Cement, the ‘glue’ in concrete, is the durable, waterproof and ubiquitous material upon which modern civilisation is built. Concrete is second only to water in terms of commodity use, and the world produces more than 10 billion tonnes of it each year.
Cement production alone (excluding other aspects of construction) accounts for around 8% of global CO₂ emissions, about half of which results from chemical reactions inherent in the clinker production process.

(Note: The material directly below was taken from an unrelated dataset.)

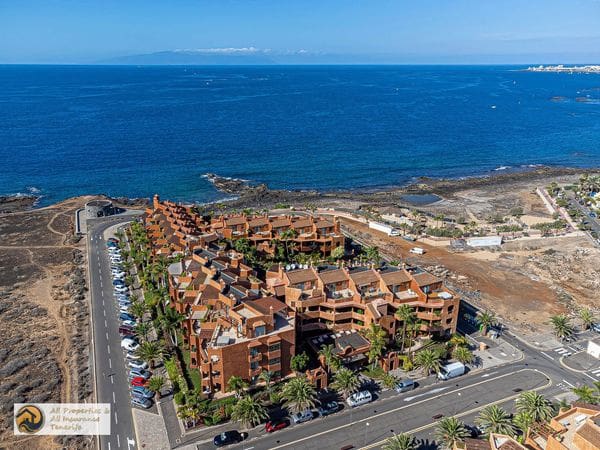 2 soveværelse Strandlejlighed til salg i Palm-Mar med swimmingpool garage - € 650.000 (Ref: 8981082)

As other industries such as energy and agriculture reduce their share of emissions, cement production may account for nearly a quarter of all human-driven CO₂ emissions by 2050.
Supplementary cementitious materials (SCM) are used in modern cement formulations to reduce the clinker content and hence reduce associated CO 2 emissions, as well as improve performance.
Key examples are limestone calcined clay cements (LC 3), and alkali-activated cements, both of which are produced primarily from naturally abundant minerals such as limestone, clays, or industrial by-products such as metallurgical slags, further enhancing their sustainability.
However, as SCMs often exhibit variable chemical and physical characteristics, inclusion of SCM’s in modern cement formulations results in significant changes in the chemical reaction mechanisms and kinetics, and the resultant evolution of phase assemblage and structure at the nano and micro scale, which ultimately dictate mechanical performance. These changes, as well as those induced by durability phenomena such as carbonation, occur primarily at the nanoscale, but have to date been very difficult to study. A detailed understanding of the phase and nanostructural development in modern cements formulated with SCMs is therefore urgently required, to enable quality control and make them practical for use in large-scale construction.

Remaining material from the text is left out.